The curation called six artists from India and Italy to be challenged by this literature hero’s extraordinary body of work and explore the territory of “new life” (vita nova) or the transformative life that Dante wrote about. The resulting exhibition lets the viewer enter a realm of mystery and metaphor; the arcane and the magical; nature and humanity; mythology and memory; transformation and preservation; and ultimately the manifestation of something new.

All six artists — Andrea Anastasio, Francesco Simeti, Marta Roberti, Puneet Kaushik, Raghava KK, and Shilo Shiv Suleman — blur several distinctions as they work with a range of ‘handmade’ techniques from woodcuts, block prints, embroidery, tapestry, metal forging, blue pottery, miniatures, bidri, ceramics, clay and even cardboard making.

Together, they create a hothouse of new works that expose the conjunctions and disjunctions inherent in these contemporary hybridised artworks.
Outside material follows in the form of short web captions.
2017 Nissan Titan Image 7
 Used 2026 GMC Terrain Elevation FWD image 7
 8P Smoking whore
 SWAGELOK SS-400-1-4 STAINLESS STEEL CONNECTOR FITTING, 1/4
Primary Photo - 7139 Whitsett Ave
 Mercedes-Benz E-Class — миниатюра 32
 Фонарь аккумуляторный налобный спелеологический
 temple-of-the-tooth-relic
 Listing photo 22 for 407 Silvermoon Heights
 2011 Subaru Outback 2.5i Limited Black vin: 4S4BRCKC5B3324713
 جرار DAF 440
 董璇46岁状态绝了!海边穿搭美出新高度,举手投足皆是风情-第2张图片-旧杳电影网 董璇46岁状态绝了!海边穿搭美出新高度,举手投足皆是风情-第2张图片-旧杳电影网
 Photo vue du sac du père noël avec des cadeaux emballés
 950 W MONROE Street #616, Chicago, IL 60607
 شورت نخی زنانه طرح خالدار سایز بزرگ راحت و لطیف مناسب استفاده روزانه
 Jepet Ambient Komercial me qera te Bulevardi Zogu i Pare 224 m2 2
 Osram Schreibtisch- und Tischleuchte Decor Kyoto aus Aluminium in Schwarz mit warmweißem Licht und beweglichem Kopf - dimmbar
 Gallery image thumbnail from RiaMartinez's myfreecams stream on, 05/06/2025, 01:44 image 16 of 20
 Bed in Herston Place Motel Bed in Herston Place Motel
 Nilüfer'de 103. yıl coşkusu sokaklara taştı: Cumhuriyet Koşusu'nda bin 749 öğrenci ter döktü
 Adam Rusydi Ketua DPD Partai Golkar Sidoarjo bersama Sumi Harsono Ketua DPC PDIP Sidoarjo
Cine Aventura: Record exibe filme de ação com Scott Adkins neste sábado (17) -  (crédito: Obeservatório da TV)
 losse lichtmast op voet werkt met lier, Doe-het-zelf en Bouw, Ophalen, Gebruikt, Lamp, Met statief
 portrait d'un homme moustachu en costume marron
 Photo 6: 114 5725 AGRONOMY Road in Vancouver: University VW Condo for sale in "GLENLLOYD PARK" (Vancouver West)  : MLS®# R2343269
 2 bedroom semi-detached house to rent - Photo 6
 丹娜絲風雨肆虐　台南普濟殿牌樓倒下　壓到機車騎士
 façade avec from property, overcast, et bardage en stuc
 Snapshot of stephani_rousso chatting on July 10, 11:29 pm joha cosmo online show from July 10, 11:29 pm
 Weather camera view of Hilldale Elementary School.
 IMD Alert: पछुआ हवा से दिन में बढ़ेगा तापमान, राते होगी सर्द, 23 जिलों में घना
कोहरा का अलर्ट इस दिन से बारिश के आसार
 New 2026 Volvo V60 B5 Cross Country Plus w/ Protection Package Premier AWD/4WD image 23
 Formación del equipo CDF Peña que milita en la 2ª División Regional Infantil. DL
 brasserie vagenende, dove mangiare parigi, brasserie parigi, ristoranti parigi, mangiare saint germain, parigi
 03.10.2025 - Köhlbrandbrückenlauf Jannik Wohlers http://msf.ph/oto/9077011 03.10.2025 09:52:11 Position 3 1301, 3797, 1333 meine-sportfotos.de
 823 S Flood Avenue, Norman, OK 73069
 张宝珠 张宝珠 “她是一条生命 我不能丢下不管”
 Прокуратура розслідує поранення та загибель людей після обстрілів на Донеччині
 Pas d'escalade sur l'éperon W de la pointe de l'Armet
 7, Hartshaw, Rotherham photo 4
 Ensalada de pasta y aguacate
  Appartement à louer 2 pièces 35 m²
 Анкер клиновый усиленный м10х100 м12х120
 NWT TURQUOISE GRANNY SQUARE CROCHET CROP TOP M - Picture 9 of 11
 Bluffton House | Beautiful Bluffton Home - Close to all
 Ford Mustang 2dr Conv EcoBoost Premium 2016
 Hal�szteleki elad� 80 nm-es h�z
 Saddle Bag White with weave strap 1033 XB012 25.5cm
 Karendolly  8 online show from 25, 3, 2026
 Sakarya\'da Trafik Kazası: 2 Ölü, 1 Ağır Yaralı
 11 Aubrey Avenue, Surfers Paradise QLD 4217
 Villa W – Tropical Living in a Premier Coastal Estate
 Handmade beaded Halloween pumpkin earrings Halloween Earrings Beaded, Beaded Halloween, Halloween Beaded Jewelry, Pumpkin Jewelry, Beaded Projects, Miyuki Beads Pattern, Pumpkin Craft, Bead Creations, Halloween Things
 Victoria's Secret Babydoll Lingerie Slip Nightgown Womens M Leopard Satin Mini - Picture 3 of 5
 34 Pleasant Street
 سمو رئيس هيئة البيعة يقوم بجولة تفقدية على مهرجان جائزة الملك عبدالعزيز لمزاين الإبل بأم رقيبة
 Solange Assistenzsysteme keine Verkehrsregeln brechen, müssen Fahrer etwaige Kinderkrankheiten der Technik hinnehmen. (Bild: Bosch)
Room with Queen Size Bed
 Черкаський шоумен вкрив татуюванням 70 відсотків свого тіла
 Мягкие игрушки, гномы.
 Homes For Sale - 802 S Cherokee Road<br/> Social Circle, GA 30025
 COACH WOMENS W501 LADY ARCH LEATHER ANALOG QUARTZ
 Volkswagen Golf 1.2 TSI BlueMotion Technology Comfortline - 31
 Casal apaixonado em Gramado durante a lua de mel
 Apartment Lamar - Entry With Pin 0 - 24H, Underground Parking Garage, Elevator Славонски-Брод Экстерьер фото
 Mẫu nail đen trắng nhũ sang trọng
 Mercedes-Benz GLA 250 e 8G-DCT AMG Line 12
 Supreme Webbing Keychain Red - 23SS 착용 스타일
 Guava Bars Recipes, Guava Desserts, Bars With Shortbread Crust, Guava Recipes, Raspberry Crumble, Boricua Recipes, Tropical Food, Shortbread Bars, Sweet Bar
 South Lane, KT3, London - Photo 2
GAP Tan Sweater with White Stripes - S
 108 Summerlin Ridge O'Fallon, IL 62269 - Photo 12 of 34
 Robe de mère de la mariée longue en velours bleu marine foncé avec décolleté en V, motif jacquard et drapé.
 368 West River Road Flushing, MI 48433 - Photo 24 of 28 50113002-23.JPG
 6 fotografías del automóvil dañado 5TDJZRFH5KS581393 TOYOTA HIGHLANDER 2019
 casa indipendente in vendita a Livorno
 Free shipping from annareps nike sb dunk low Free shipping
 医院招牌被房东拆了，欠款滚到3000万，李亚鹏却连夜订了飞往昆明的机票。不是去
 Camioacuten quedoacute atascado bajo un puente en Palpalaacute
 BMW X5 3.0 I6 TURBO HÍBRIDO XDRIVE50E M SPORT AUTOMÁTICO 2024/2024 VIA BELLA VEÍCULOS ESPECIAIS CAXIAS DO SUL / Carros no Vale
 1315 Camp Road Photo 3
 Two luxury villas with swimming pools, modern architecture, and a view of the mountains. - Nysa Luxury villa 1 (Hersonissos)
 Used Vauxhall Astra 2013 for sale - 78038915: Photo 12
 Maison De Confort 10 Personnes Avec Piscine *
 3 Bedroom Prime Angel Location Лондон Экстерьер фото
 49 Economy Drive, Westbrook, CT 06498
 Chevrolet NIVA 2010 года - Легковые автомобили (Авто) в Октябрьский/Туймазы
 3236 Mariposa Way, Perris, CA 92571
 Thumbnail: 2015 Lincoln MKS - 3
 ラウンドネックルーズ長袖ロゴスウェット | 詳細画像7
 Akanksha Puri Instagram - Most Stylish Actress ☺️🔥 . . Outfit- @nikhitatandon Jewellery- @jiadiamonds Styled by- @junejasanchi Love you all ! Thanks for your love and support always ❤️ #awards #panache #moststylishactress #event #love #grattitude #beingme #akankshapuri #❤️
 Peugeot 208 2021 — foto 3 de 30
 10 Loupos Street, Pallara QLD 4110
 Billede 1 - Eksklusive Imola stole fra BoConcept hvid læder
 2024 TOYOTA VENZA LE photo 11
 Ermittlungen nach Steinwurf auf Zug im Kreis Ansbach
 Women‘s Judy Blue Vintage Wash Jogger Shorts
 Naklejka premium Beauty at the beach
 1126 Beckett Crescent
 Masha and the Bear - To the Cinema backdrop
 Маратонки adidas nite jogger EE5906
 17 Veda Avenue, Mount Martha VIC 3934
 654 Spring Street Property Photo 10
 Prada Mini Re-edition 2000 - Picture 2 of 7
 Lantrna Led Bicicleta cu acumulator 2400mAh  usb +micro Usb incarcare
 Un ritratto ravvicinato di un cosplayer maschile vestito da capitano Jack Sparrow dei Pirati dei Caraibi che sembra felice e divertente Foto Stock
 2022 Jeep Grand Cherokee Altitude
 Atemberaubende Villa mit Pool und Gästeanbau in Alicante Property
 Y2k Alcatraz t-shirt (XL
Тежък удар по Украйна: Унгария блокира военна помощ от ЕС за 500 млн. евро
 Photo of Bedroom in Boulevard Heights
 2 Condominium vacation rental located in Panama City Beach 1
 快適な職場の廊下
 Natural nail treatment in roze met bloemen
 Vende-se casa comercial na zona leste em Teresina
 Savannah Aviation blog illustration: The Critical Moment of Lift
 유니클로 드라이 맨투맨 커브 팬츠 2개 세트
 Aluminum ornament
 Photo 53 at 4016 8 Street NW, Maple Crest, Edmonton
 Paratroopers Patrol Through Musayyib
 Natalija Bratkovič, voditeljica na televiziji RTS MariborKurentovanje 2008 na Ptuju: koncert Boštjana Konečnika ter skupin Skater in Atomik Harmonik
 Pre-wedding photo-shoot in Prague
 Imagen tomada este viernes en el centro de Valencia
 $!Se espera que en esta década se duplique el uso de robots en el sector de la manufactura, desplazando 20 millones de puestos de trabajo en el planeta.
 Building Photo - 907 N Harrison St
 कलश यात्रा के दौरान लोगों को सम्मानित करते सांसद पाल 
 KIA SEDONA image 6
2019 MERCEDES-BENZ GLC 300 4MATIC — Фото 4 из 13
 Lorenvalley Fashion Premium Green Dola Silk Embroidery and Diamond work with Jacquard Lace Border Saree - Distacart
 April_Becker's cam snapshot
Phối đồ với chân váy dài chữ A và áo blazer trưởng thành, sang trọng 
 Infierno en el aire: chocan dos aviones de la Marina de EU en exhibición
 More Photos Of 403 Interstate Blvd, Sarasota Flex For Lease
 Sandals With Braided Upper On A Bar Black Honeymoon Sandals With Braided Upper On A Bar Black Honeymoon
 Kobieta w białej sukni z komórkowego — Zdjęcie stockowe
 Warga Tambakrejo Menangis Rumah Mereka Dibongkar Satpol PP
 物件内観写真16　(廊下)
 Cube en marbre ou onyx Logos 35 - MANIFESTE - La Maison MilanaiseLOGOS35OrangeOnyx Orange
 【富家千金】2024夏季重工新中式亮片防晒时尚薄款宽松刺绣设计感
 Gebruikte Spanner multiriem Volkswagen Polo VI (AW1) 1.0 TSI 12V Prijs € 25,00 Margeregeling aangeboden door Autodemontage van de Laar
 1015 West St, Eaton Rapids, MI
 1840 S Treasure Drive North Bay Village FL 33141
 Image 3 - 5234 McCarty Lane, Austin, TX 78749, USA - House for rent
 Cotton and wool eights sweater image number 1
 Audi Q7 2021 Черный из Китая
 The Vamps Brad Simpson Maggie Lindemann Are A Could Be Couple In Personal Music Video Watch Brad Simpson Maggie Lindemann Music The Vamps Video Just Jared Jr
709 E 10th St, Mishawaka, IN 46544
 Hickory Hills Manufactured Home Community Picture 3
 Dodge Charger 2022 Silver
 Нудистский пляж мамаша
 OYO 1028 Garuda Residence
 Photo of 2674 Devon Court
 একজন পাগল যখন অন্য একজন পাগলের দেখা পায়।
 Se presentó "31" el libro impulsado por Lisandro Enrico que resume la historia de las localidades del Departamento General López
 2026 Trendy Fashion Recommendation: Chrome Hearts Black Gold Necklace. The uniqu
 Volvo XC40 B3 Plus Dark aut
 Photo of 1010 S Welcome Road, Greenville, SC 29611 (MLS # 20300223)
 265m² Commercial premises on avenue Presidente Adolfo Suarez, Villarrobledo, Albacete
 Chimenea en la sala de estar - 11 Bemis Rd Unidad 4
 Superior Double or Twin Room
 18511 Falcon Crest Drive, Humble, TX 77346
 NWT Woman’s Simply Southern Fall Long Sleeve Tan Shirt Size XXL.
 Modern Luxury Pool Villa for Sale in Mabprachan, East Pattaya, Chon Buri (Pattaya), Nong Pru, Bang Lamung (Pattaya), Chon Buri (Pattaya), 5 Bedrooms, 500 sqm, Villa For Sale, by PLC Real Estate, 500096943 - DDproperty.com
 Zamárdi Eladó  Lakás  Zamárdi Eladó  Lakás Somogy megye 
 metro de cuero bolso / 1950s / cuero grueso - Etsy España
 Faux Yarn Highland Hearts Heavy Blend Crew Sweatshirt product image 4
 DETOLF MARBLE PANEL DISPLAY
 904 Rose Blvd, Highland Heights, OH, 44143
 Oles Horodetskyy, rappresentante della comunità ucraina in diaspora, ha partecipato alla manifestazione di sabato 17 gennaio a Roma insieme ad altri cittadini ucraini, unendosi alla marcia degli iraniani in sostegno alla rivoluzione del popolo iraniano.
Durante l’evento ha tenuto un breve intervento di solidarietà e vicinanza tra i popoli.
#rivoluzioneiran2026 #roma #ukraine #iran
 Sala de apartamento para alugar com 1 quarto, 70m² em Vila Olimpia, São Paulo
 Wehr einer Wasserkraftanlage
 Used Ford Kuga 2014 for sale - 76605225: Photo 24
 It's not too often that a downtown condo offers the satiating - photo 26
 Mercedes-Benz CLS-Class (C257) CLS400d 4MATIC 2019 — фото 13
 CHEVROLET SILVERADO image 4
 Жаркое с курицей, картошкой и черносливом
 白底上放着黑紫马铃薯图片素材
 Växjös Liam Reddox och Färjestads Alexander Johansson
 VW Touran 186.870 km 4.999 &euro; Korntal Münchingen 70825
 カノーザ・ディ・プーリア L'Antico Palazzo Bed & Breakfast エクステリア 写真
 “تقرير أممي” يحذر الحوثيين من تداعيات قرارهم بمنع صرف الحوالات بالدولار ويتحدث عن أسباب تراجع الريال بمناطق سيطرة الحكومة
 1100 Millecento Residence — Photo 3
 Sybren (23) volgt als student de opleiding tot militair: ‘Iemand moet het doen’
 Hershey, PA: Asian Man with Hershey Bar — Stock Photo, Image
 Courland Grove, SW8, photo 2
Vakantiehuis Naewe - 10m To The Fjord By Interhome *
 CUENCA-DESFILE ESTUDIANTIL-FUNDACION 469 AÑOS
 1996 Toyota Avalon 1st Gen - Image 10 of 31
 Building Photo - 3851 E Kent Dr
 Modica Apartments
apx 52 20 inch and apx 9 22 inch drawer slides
They generate questions about the role of craft in their evolutionary shift to the ‘dematerialised’ and conceptual while retaining their historical and cultural significance.

These works claim contemporary craft as a dynamic critical position for understanding the most immediate political and aesthetic issues of our time.

Encompassing tapestries, carpets, sculptures, miniatures, textiles & artisanal objects, moving from magic realism to metaphors of political protests, ‘Vita Nova’ is an eclectic immersion into the “conceptual craft futures” referenced and celebrated by artists promoting new ways of thinking about the role of craft in contemporary art and significance of the ‘handmade’ within conceptual art-making practices.